Ferdinand is not a great tackler. He almost always remains upright. This contributes to his elegance, but sometimes a center-half needs to get his shorts dirty. Just before halftime he let a Dane nip dangerously past him to the byline, and when Sand or Jesper Gronkjaer brought the ball into the box, Ferdinand tended not to confront them but to stand off, trying to guide them away from the goal. At moments like that you wish he were more of an old-fashioned English center-half.
He seldom hits a lazy pass, but nor is he a Baresi or Beckenbauer. In the first half he regularly collected the ball from David Seaman, curbing the keeper’s love of punting long. But he tends to slot the ball short distances, ideally into midfield or (more perilously) to Mills or Campbell. Still, it is nice to see England defenders pass the ball around with an air of knowing more or less where it is going.
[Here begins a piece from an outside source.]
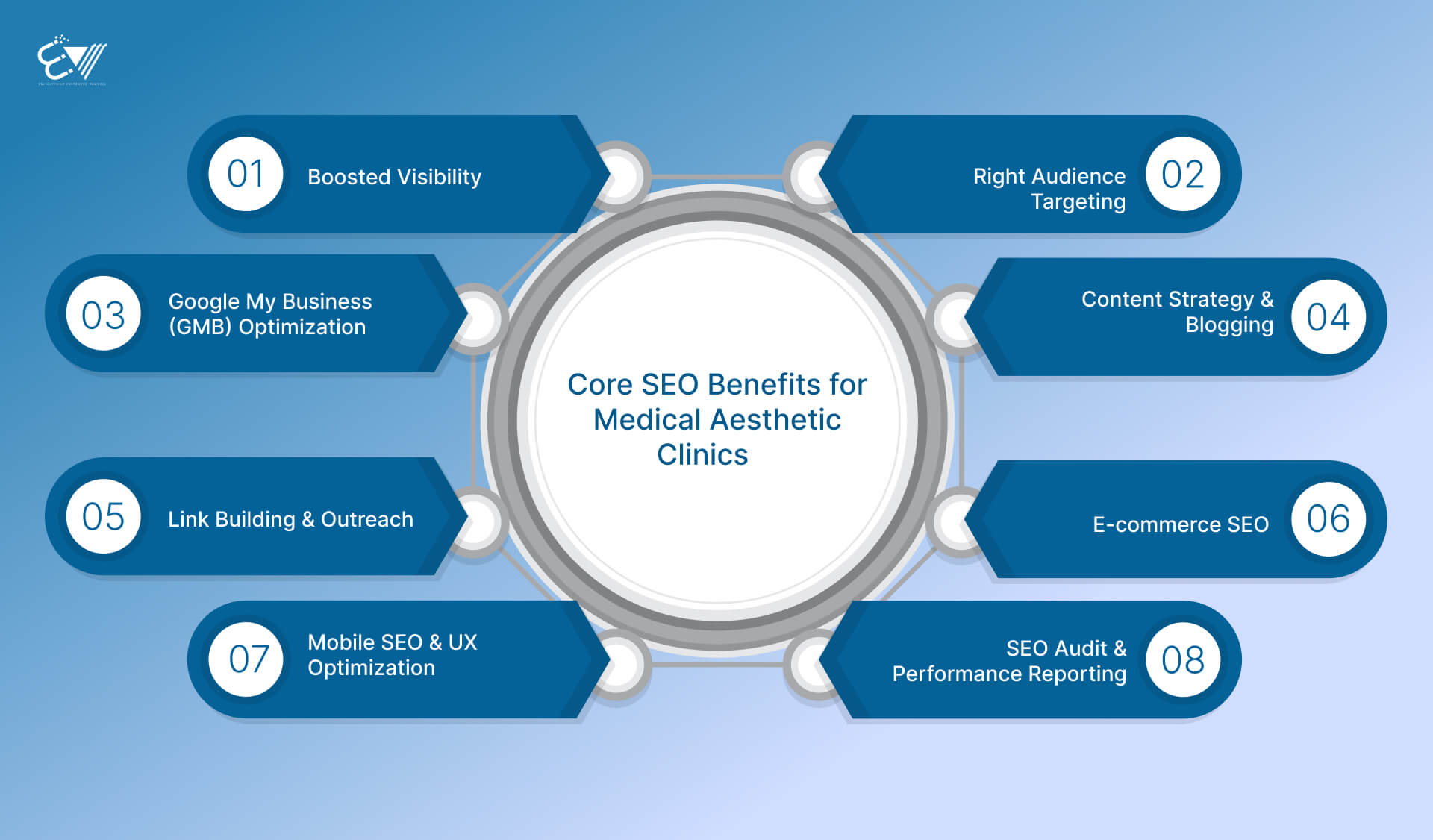 Core SEO Benefits for Medical Aesthetic Clinics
Brazil (unless Belgium stuns the world tomorrow) will be the biggest test of Ferdinand’s career. Not just because it is Brazil in a World Cup quarterfinal, but because Brazil is rare at this World Cup in fielding two center-forwards, one of them a genius. Behind them is Rivaldo, who likes nothing better than dribbling through the center of a defense (unless it is shooting from fifty yards). Against Brazil on Friday, Ferdinand will have to do some tackling.
Roberto Carlos
December 2002
I
t’s not about me,” Roberto Carlos says, warming himself over a coffee in the Real Madrid canteen (these Spanish winters are tough). “The award is not about Roberto Carlos himself. I think the time has come to honor the
job of the defender. Also, I won’t have a better chance of winning it. I can’t do more than I have done this year. It’s impossible to win more titles in just 365 days! I have been a starter in every game, with my club and with my national side. I worked my socks off in every match. What else do I have to do to get the award?”
The Golden Ball for European Player of the Year ought indeed to end up in the trunk of his red Ferrari, but it won’t. Today, Ronaldo will be declared the winner. Carlos will finish second and Oliver Kahn, the Germany goalkeeper, third. However, Real Madrid’s supermidget—winner of the European Cup, the World Cup, the European Supercup, and the World Club Cup in recent months—unquestionably deserves the prize.
Born in a small town near São Paulo twenty-nine years ago, Carlos was named after a one-legged Brazilian crooner. Perhaps in compensation, he developed thighs the size of Muhammad Ali’s at his peak, which is impressive for a man just five feet six. He himself attributes his build to a childhood spent cycling and hauling heavy pieces of farm machinery, but if that were true, every third world village would be thronging with cartoon superheroes.
The thighs took him to Palmeiras, and by the time he toured Europe with the Brazilian national team in the summer of 1995, he was telling everyone, “I’m going to be the best left back in the world. I’m better than Paolo Maldini.”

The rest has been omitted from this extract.